▶ EXERCISE INSTRUCTIONS: Please copy each line of the listing that includes the string "Hotel".

□ □ □ □

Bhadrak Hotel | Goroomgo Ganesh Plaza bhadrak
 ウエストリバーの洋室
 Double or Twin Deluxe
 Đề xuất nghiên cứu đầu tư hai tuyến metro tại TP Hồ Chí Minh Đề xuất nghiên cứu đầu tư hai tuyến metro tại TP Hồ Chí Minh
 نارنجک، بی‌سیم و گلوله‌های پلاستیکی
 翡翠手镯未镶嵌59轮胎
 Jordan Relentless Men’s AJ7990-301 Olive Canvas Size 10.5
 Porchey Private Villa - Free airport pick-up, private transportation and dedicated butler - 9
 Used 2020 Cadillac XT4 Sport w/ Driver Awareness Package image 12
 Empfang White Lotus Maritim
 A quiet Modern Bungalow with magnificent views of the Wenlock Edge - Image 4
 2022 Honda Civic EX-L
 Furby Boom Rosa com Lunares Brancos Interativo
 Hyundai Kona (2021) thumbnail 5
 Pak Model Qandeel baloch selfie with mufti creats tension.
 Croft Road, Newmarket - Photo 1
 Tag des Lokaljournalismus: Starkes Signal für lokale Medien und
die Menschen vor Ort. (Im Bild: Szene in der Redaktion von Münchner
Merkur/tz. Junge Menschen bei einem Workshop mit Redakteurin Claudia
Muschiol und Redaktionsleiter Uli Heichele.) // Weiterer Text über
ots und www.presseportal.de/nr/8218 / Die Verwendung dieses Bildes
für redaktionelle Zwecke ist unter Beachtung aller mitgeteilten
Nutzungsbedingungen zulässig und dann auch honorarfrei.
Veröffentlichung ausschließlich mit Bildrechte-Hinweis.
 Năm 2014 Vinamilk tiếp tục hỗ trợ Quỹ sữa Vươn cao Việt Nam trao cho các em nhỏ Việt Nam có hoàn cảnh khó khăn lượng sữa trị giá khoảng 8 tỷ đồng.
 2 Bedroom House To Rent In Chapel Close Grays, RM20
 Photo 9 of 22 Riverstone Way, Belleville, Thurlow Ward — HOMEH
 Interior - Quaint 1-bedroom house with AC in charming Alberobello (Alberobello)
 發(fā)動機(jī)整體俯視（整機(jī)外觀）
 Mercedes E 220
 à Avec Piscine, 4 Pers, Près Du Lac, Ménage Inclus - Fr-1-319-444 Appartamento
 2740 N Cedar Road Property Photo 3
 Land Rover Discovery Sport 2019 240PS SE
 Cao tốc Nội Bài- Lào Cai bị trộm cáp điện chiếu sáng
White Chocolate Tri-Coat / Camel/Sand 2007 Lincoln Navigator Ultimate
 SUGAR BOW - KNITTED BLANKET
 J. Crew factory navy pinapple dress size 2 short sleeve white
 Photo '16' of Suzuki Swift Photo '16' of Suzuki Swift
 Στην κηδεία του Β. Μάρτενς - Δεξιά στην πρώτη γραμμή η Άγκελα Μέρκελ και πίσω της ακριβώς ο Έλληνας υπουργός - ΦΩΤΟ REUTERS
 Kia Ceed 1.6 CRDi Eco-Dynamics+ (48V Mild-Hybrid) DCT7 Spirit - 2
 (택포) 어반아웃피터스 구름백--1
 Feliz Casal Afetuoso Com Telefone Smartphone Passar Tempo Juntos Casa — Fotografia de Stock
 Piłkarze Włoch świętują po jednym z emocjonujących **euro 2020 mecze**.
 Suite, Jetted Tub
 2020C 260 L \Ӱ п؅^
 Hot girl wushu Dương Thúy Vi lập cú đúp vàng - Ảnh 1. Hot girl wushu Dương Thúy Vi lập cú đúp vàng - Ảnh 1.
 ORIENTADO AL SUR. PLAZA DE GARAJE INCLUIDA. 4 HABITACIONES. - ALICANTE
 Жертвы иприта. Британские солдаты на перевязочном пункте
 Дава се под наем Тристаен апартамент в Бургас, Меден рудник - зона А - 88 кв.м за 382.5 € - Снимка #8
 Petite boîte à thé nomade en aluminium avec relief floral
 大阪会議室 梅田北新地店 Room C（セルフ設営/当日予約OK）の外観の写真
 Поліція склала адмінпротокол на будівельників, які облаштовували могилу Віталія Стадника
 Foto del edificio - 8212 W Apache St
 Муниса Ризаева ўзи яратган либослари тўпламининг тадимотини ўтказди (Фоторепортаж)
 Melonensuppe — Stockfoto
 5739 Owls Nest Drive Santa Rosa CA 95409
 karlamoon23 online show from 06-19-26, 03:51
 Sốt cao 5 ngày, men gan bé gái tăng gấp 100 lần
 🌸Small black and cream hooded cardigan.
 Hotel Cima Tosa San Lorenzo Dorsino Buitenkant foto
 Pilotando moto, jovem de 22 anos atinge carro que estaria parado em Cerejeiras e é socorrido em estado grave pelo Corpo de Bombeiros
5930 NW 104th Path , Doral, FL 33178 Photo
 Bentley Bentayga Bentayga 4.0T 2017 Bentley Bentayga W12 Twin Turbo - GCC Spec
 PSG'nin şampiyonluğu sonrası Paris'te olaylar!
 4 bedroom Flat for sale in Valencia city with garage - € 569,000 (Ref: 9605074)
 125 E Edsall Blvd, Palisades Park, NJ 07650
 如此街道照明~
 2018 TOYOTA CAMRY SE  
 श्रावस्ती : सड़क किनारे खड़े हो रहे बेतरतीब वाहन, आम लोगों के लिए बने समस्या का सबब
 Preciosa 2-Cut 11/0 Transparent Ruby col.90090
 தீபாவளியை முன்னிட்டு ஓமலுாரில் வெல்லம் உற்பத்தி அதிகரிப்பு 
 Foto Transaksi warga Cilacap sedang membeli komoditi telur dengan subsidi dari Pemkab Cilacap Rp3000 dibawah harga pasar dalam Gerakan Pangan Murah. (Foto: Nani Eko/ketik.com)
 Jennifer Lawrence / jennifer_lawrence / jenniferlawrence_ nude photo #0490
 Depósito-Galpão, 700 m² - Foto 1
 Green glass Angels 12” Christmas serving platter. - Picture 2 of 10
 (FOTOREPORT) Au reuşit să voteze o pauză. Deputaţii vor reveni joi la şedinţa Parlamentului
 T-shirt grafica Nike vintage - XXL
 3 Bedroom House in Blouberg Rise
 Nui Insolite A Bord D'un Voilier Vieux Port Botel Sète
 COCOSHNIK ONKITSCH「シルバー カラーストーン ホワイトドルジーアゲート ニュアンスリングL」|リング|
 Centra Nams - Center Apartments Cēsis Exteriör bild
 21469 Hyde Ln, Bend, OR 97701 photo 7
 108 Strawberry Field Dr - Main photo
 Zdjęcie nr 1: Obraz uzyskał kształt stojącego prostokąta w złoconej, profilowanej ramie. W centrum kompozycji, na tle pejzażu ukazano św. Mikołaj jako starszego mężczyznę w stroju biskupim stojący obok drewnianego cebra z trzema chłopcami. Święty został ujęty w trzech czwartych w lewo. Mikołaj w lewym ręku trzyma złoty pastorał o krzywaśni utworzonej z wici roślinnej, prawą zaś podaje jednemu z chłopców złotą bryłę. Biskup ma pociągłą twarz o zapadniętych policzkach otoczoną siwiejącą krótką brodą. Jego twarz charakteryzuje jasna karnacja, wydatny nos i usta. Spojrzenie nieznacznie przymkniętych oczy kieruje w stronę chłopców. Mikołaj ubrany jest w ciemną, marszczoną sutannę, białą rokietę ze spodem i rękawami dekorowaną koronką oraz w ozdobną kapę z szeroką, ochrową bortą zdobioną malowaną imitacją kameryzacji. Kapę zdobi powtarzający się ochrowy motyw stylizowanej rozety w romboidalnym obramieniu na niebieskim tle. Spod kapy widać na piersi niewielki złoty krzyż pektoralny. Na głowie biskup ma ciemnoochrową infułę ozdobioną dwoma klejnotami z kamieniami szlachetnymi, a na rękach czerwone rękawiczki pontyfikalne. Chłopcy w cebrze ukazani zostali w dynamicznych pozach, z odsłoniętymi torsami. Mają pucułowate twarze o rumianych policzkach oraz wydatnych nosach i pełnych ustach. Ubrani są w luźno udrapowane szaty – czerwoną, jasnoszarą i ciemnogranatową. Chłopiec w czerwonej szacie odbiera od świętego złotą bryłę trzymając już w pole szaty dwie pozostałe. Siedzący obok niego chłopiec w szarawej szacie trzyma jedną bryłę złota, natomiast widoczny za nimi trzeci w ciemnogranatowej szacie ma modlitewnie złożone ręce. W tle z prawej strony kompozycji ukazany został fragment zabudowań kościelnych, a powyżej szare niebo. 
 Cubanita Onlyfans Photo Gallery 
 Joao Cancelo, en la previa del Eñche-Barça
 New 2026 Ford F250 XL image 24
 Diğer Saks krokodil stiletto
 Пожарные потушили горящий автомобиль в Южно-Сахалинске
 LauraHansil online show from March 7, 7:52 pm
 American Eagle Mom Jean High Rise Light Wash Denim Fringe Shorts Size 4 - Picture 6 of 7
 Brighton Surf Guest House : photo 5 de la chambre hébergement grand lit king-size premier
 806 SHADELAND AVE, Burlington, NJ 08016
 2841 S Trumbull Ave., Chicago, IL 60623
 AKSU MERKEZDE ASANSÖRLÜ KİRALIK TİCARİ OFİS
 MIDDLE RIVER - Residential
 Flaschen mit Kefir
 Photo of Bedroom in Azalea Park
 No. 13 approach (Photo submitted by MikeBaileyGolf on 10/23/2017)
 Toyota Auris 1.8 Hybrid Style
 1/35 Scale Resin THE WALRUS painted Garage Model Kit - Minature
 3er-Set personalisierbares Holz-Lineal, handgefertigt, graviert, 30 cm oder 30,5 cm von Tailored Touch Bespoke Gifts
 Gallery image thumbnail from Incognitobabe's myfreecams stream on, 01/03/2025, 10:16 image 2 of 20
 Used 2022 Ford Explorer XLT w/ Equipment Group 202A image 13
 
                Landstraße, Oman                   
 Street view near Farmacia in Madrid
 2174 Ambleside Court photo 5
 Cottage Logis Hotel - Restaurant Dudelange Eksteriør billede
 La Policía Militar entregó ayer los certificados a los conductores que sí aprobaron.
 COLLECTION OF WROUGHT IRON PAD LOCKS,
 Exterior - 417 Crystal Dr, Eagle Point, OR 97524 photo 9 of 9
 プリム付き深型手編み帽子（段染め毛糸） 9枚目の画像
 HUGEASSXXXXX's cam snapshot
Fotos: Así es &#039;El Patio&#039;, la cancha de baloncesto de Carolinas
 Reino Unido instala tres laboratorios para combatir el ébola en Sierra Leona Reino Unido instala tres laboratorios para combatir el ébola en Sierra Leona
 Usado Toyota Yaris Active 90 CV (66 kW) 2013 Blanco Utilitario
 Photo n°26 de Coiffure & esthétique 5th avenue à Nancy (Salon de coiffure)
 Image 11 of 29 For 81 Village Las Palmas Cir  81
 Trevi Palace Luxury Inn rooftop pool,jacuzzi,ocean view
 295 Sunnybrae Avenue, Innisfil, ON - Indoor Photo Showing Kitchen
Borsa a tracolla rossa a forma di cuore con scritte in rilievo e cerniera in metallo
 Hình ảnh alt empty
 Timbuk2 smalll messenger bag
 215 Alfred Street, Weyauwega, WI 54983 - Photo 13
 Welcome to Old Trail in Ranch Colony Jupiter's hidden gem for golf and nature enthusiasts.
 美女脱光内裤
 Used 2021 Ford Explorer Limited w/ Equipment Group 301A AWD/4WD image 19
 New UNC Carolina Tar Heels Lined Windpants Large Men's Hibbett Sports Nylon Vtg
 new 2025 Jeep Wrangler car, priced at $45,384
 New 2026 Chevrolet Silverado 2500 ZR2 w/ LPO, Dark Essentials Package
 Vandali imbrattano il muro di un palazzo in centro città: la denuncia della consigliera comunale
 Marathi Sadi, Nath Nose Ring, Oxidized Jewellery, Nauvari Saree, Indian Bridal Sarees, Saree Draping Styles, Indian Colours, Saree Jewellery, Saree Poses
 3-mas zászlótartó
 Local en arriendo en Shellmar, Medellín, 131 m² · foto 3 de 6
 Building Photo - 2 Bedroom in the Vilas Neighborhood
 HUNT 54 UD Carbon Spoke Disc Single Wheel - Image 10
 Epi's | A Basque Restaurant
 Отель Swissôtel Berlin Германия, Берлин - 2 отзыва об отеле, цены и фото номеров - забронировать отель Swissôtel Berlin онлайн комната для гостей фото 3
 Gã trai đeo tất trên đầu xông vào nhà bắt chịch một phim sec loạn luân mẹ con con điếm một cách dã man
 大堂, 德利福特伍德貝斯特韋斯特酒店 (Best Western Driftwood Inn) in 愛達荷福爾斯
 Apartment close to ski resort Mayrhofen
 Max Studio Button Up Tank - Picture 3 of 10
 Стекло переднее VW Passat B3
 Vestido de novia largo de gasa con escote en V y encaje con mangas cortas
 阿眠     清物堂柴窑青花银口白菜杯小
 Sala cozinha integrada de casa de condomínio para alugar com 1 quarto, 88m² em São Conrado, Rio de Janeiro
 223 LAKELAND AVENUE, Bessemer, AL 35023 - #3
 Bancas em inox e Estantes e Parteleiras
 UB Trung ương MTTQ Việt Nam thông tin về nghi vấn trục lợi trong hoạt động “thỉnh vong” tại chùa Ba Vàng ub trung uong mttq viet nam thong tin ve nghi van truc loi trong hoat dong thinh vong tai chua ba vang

□ □ □ □

▶ EXERCISE SOLUTION:
Bhadrak Hotel | Goroomgo Ganesh Plaza bhadrak
 Hotel Cima Tosa San Lorenzo Dorsino Buitenkant foto
 Cottage Logis Hotel - Restaurant Dudelange Eksteriør billede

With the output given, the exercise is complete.